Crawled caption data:
[Start of section]
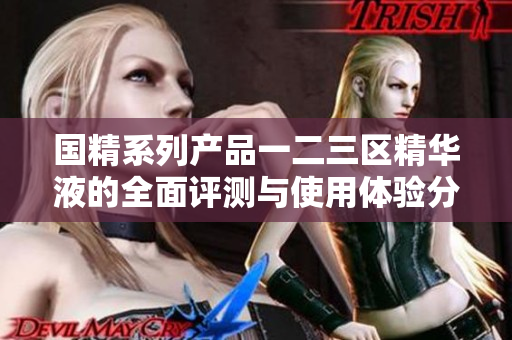 国精系列产品一二三区精华液的全面评测与使用体验分析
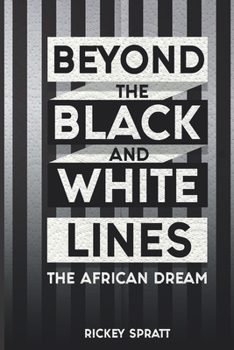 Paperback Beyond The Black and White Lines: The African-American Dream Book
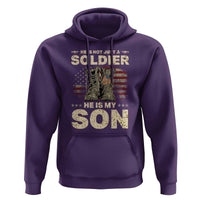 He Is Not Just A Soldier He Is My Son Hoodie Proud US Army Son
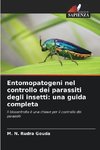 Entomopatogeni nel controllo dei parassiti degli insetti: una guida completa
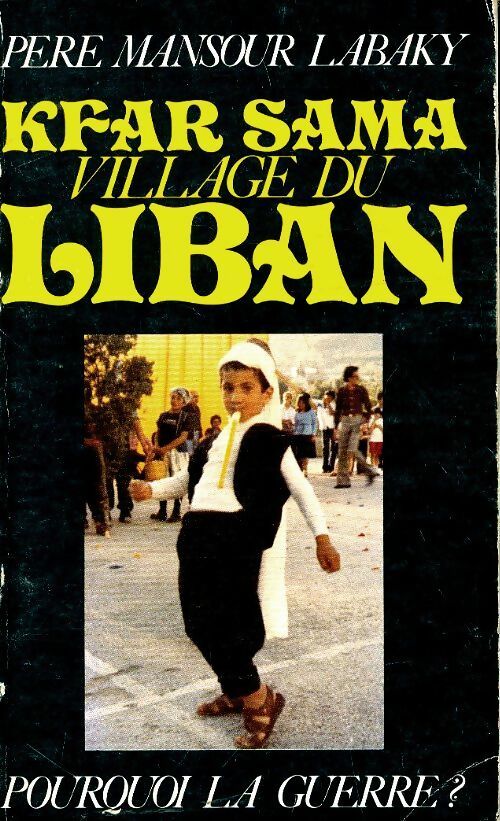Livrenpoche : Kfar Sama village du ?iban, pourquoi la guerre ? - Mansour Labaky - Livre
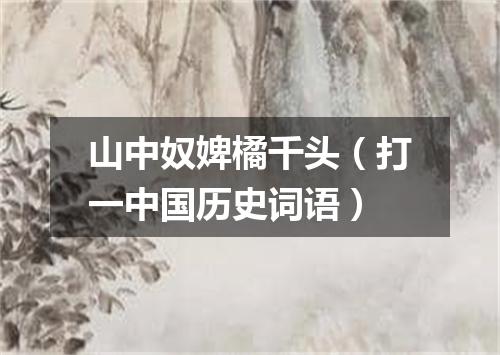 山中奴婢橘千头（打一中国历史词语）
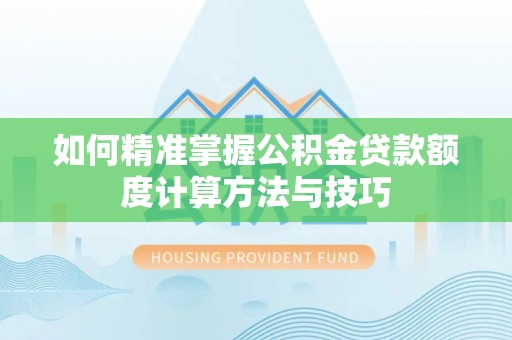 阿里如何精准掌握公积金贷款额度计算方法与技巧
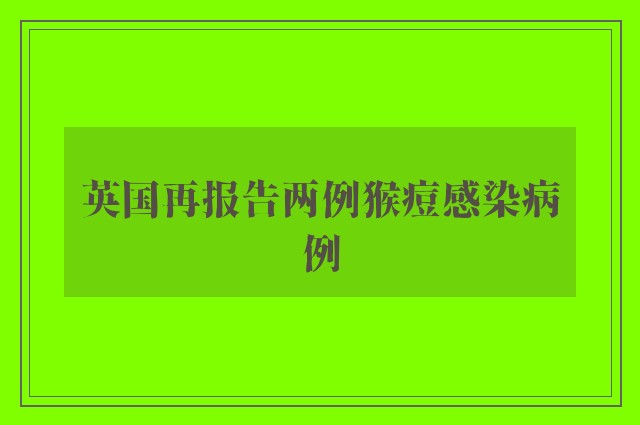 英国再报告两例猴痘感染病例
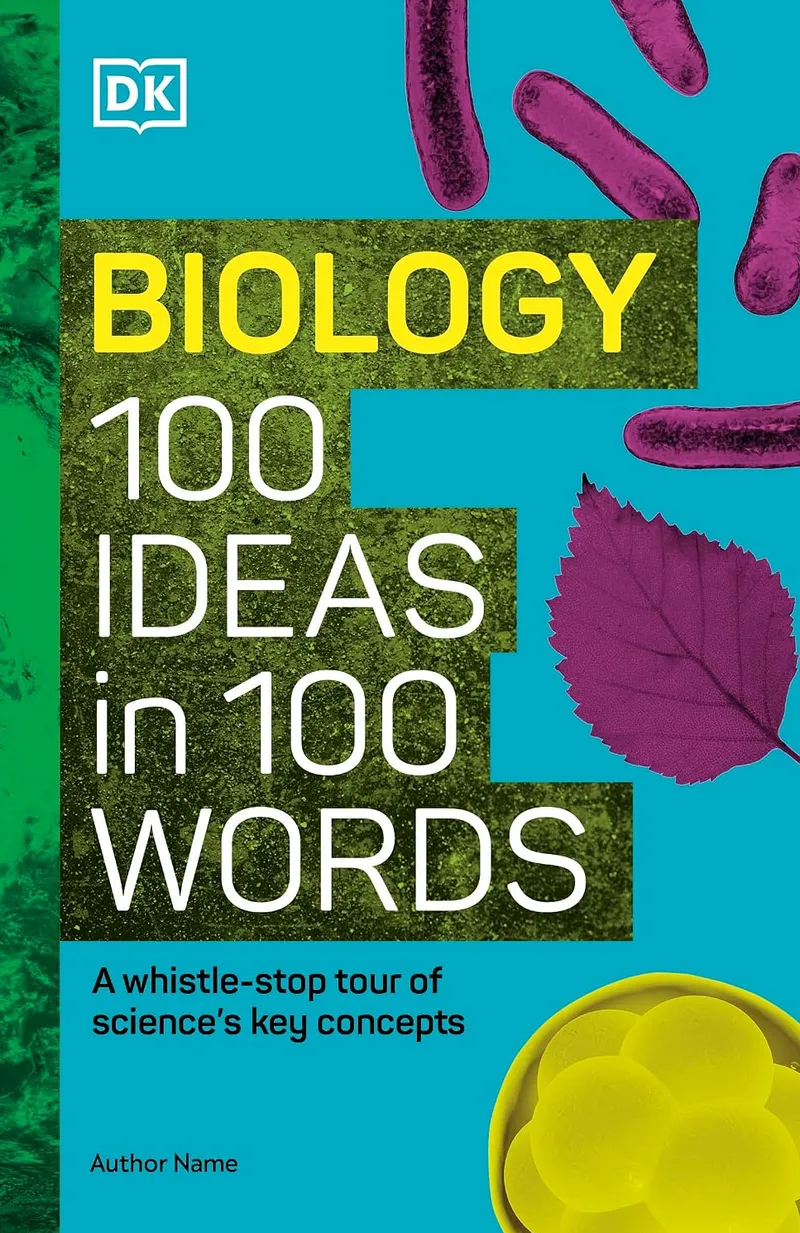 Biology: 100 Ideas in 100 Words – A Whistle-Stop Tour of Key Concepts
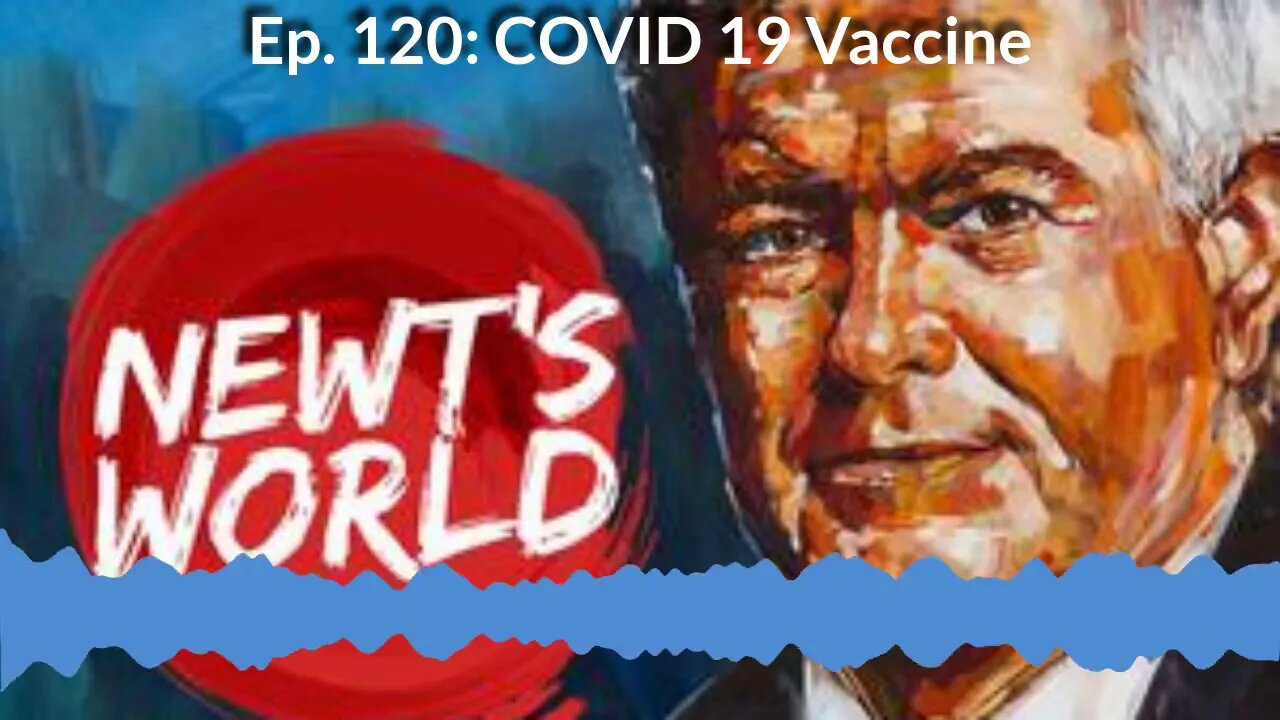 Newt's World Ep 120: COVID 19 Vaccine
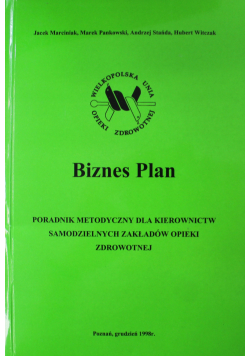 Biznes plan poradnik metodyczny dla kierownictw samodzielnych zakładów opieki zdrowotnej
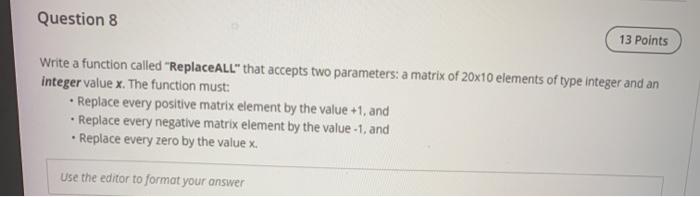  C++ code not java Question 8 13 Points Write a function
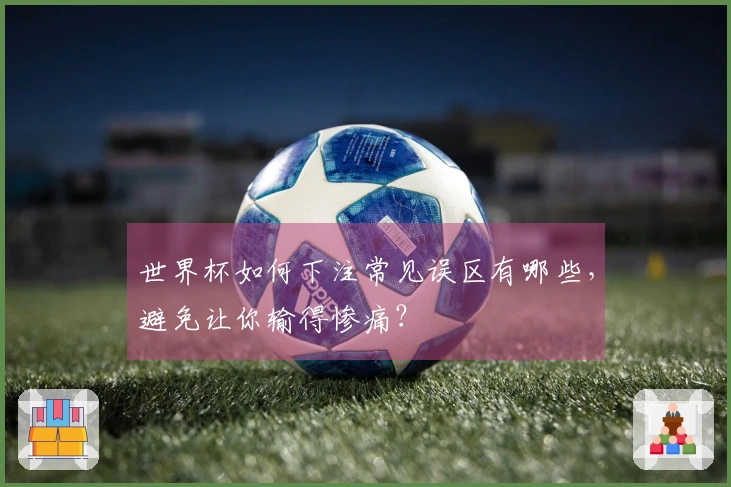 世界杯如何下注常见误区有哪些，避免让你输得惨痛？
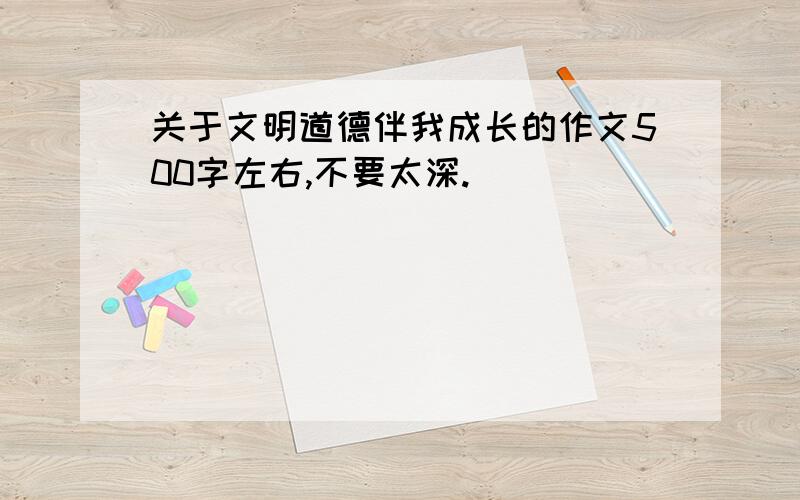 关于文明道德伴我成长的作文500字左右,不要太深.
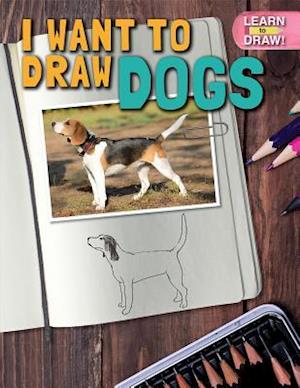 I Want to Draw Dogs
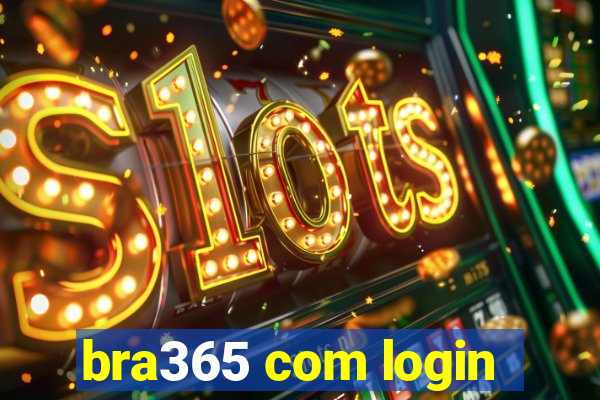 bra365 com login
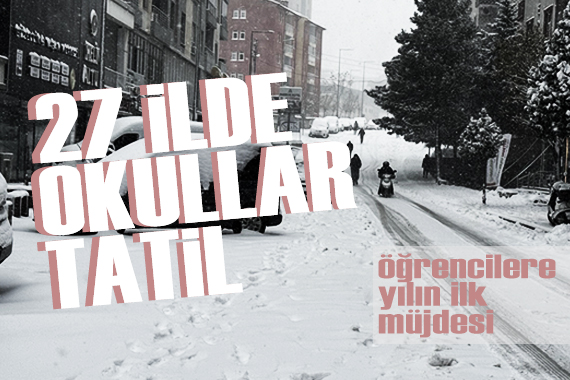 27 ilde okullar tatil edildi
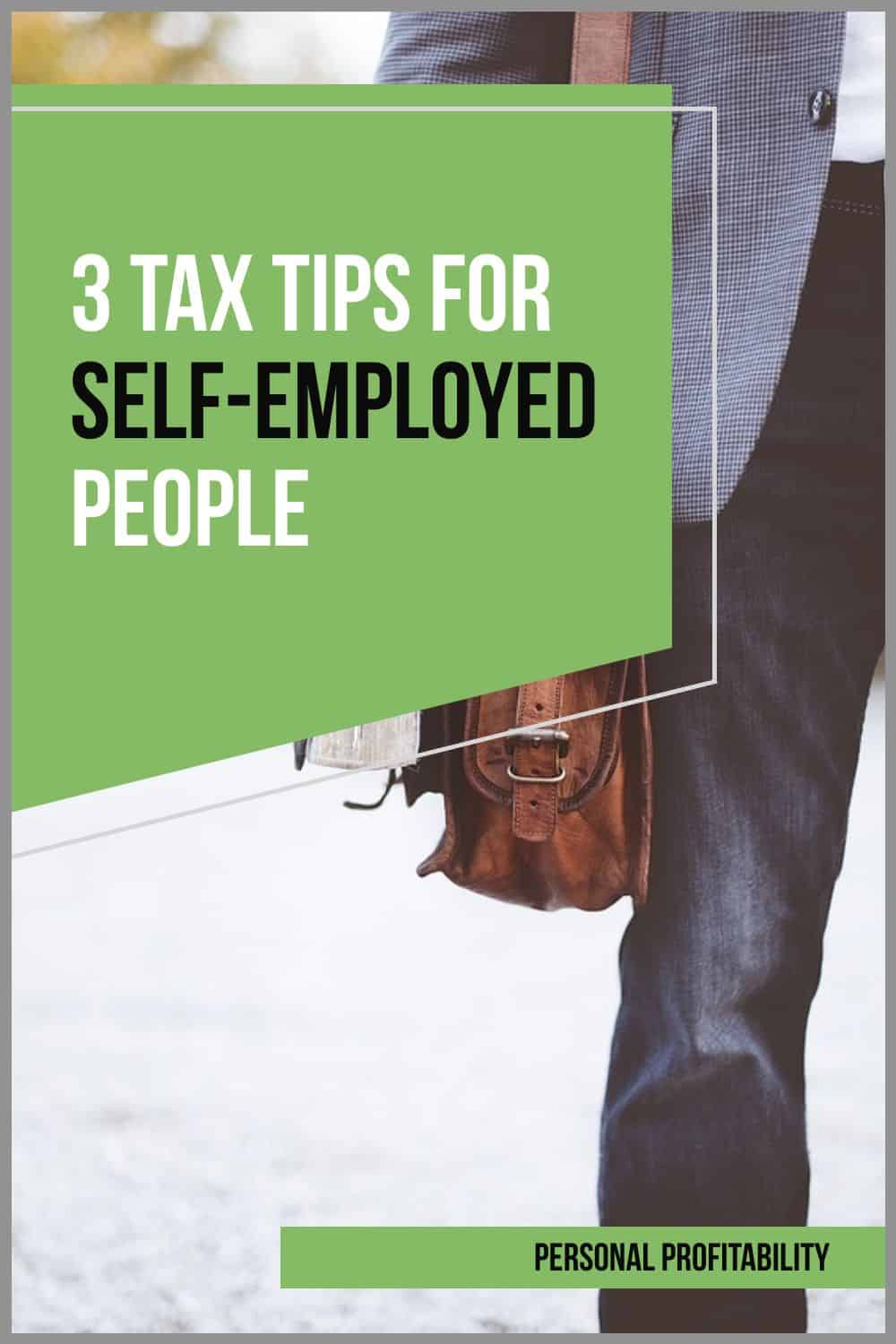 3 Simple Tax Tips for Self-Employed People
[End of section]
● EXERCISE:
Quote each record exactly as it stands, minus the pictures.

● WRITTEN ANSWER:
 国精系列产品一二三区精华液的全面评测与使用体验分析
 Paperback Beyond The Black and White Lines: The African-American Dream Book
 He Is Not Just A Soldier He Is My Son Hoodie Proud US Army Son
 Entomopatogeni nel controllo dei parassiti degli insetti: una guida completa
Livrenpoche : Kfar Sama village du ?iban, pourquoi la guerre ? - Mansour Labaky - Livre
 山中奴婢橘千头（打一中国历史词语）
 阿里如何精准掌握公积金贷款额度计算方法与技巧
 英国再报告两例猴痘感染病例
 Biology: 100 Ideas in 100 Words – A Whistle-Stop Tour of Key Concepts
 Newt's World Ep 120: COVID 19 Vaccine
 Biznes plan poradnik metodyczny dla kierownictw samodzielnych zakładów opieki zdrowotnej
  C++ code not java Question 8 13 Points Write a function
 世界杯如何下注常见误区有哪些，避免让你输得惨痛？
 关于文明道德伴我成长的作文500字左右,不要太深.
 I Want to Draw Dogs
 bra365 com login
 27 ilde okullar tatil edildi
 3 Simple Tax Tips for Self-Employed People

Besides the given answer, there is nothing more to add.